• TASK GOAL: Within the records below is a range that opens at the line with "Diver holding a" and closes at the line with "Blue-and-white facades at". Return that range word for word, both ends included, and only that range.

• DATA EXCERPTS:
****************************************

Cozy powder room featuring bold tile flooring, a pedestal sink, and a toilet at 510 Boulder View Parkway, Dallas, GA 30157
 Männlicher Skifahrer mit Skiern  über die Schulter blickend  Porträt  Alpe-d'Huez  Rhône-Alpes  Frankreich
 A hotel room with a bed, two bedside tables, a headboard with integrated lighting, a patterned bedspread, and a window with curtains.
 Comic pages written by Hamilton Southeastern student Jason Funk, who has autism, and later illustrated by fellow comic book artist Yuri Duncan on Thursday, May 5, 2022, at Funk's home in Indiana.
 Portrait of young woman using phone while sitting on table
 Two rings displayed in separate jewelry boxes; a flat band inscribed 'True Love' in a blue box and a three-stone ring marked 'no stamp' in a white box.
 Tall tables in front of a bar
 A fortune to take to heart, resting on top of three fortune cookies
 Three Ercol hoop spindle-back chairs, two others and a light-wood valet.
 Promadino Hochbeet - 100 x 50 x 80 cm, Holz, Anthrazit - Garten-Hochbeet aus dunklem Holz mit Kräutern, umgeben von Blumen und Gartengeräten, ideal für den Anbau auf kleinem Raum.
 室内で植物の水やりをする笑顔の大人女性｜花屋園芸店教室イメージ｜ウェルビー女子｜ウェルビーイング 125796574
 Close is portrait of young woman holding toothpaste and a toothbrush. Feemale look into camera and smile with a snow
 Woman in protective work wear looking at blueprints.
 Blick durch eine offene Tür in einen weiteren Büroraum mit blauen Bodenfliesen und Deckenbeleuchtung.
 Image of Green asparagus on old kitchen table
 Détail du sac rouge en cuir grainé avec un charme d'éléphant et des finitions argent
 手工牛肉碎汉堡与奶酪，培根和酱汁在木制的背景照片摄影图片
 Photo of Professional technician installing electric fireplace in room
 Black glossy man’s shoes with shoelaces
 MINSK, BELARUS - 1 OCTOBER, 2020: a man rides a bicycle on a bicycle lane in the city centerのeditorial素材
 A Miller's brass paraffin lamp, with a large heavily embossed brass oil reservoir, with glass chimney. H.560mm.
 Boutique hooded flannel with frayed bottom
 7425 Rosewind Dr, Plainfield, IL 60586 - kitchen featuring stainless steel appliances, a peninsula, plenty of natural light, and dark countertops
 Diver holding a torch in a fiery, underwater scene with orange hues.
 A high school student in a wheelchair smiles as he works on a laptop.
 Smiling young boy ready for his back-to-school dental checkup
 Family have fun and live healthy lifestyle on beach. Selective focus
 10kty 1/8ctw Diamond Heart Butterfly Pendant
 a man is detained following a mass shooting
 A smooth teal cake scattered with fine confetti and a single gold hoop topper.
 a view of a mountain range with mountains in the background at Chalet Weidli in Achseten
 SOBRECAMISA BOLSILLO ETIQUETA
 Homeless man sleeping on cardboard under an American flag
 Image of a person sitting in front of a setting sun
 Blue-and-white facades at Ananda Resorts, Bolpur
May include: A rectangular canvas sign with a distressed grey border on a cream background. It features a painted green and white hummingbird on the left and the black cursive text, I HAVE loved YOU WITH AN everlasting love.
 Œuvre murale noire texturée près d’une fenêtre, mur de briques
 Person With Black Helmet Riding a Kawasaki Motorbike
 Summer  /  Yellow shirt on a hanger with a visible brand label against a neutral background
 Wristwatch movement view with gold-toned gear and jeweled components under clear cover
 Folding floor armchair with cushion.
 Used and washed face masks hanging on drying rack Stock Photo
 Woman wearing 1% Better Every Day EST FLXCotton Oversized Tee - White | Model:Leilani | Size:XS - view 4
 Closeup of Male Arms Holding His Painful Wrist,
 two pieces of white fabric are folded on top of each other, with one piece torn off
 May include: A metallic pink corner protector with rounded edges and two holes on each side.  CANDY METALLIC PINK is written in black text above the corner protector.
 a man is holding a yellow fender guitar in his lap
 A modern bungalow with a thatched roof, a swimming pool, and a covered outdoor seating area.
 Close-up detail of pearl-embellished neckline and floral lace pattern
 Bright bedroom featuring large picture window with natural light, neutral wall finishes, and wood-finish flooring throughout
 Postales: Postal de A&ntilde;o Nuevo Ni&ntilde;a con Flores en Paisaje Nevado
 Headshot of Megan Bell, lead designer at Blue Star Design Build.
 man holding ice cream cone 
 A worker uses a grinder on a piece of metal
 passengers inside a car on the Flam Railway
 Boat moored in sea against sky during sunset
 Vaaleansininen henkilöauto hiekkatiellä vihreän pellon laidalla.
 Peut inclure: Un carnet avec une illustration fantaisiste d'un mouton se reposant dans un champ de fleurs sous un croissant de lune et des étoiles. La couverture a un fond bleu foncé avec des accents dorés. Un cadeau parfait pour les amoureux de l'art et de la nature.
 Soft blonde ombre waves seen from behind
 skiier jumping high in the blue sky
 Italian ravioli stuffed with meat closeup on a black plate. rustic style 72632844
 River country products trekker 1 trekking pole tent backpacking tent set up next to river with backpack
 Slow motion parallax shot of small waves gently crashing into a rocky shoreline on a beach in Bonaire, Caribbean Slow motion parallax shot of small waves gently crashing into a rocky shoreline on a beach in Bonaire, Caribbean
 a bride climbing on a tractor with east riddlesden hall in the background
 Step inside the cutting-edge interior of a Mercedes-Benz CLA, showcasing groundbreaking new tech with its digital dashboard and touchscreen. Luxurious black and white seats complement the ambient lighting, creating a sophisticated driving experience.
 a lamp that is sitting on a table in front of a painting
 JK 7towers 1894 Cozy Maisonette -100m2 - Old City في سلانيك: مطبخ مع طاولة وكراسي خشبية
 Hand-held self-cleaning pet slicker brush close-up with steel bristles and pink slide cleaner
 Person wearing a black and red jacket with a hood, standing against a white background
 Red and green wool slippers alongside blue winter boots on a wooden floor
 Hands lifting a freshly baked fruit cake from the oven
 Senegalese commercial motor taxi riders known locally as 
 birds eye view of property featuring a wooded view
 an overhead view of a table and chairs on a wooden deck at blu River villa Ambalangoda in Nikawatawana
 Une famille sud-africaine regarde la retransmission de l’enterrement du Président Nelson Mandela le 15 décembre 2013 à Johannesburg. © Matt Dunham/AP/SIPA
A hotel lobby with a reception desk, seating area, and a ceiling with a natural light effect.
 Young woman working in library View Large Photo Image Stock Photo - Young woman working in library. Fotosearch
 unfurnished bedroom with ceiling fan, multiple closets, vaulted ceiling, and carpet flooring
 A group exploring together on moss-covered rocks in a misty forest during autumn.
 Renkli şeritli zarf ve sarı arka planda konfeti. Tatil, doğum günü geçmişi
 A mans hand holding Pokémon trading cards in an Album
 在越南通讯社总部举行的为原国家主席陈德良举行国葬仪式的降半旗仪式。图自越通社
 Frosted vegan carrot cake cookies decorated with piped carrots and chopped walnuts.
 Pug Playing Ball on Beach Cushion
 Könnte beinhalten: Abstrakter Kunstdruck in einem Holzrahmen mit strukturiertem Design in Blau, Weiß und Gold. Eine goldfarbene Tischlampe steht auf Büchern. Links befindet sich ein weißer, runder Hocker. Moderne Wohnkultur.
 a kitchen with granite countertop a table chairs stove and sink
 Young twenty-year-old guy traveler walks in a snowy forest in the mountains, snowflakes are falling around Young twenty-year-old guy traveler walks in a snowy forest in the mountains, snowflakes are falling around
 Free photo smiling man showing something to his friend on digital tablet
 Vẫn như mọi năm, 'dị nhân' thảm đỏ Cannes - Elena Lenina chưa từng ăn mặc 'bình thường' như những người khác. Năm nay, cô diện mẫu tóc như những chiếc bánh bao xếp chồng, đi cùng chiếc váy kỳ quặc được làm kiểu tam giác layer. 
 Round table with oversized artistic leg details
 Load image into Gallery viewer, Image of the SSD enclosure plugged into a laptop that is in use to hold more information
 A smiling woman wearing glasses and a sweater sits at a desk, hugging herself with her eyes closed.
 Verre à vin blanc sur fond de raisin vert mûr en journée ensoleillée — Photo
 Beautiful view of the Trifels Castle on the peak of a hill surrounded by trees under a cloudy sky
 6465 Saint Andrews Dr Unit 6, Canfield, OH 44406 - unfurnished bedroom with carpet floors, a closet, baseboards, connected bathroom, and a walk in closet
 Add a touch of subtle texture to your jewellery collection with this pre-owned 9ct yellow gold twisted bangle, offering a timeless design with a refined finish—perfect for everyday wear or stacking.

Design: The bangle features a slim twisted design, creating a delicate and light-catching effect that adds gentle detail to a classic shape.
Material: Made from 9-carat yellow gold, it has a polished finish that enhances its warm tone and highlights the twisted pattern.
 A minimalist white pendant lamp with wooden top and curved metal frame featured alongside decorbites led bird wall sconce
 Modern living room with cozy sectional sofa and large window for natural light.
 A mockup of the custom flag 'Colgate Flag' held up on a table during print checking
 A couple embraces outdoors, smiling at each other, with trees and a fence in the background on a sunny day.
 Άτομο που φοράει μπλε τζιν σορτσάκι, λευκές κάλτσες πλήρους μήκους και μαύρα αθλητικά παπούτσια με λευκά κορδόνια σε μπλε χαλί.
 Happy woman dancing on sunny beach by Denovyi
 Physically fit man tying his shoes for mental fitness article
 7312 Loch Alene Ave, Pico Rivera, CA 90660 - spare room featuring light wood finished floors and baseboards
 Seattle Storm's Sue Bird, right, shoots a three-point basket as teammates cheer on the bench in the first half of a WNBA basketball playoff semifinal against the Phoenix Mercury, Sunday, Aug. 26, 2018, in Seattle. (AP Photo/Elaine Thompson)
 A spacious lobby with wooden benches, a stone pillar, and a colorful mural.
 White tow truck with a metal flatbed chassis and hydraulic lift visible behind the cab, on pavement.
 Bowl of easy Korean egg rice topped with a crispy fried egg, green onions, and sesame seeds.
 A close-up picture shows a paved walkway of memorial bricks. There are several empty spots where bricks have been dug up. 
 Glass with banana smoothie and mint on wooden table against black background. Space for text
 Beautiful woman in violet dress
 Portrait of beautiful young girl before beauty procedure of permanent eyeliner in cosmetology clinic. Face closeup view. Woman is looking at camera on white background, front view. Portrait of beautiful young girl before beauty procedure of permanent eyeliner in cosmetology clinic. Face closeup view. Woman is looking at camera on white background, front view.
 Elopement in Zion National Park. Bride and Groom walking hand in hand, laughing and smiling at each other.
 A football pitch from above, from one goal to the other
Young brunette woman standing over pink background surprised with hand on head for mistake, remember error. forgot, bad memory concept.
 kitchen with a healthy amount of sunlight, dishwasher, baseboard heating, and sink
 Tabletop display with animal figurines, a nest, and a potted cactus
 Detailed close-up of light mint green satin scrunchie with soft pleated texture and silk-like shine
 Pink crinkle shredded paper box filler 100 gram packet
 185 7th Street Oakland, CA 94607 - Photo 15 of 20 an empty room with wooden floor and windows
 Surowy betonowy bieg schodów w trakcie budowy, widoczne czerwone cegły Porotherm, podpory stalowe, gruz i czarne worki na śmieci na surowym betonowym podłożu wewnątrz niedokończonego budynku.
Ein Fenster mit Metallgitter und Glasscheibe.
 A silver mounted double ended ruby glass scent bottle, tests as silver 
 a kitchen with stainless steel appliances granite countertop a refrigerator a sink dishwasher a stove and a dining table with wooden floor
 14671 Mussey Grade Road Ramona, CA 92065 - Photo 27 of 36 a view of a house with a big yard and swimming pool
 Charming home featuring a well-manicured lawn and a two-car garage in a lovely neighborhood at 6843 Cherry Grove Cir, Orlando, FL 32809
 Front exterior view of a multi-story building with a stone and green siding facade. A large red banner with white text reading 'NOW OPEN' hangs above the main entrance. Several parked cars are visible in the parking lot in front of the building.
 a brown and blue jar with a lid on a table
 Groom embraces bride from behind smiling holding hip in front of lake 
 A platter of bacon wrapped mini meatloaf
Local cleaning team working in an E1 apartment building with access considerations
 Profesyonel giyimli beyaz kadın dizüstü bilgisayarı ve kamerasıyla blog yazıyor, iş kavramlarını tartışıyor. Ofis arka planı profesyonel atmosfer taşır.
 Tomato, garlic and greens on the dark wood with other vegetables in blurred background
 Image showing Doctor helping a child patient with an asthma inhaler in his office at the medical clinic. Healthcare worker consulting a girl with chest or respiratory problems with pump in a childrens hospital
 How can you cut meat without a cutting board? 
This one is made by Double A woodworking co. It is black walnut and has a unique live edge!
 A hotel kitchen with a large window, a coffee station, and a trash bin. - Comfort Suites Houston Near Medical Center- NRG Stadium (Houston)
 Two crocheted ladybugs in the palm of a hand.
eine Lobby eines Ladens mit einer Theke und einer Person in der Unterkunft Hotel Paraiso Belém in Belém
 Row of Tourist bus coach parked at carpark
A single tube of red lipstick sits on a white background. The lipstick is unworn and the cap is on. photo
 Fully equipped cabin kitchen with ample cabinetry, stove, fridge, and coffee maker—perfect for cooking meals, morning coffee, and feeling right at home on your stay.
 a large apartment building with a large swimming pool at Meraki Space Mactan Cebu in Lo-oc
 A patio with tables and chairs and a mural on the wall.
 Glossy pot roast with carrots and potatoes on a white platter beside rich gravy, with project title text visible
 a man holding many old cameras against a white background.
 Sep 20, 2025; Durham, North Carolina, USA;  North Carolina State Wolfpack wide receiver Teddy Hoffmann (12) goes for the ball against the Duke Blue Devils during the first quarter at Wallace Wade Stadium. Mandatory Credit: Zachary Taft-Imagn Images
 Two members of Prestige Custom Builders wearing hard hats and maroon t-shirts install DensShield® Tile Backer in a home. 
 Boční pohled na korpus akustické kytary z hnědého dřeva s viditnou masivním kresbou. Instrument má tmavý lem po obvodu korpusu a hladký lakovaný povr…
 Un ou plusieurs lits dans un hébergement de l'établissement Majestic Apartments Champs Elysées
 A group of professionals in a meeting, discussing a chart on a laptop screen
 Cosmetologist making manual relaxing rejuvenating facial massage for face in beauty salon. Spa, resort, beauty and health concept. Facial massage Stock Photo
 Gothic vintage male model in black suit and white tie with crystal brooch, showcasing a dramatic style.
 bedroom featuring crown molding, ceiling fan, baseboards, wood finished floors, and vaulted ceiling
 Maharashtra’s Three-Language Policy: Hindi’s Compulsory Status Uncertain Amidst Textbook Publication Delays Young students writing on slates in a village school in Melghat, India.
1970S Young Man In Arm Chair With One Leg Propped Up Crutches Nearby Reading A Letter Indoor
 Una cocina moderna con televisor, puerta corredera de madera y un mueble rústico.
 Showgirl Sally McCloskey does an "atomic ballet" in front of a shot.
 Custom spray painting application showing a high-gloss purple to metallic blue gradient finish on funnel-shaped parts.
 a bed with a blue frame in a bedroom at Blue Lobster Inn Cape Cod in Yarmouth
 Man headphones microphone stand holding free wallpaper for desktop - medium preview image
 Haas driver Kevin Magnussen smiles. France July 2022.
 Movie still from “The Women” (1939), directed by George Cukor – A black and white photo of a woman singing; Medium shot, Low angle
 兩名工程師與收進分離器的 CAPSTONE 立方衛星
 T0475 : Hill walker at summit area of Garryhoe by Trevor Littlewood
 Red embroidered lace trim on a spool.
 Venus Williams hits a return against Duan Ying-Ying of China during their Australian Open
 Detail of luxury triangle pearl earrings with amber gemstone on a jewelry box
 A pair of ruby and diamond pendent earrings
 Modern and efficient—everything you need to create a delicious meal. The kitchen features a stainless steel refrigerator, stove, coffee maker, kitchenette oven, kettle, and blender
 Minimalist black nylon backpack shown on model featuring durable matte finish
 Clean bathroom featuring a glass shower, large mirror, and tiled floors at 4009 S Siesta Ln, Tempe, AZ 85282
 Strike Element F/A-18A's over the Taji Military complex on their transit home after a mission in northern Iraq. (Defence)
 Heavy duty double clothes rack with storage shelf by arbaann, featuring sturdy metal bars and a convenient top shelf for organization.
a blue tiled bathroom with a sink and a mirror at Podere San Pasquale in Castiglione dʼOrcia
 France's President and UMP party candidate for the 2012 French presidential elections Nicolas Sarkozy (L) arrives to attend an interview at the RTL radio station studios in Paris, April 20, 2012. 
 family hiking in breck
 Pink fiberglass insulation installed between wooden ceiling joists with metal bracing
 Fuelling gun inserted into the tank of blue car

****************************************

• FINISHED TASK:
 Diver holding a torch in a fiery, underwater scene with orange hues.
 A high school student in a wheelchair smiles as he works on a laptop.
 Smiling young boy ready for his back-to-school dental checkup
 Family have fun and live healthy lifestyle on beach. Selective focus
 10kty 1/8ctw Diamond Heart Butterfly Pendant
 a man is detained following a mass shooting
 A smooth teal cake scattered with fine confetti and a single gold hoop topper.
 a view of a mountain range with mountains in the background at Chalet Weidli in Achseten
 SOBRECAMISA BOLSILLO ETIQUETA
 Homeless man sleeping on cardboard under an American flag
 Image of a person sitting in front of a setting sun
 Blue-and-white facades at Ananda Resorts, Bolpur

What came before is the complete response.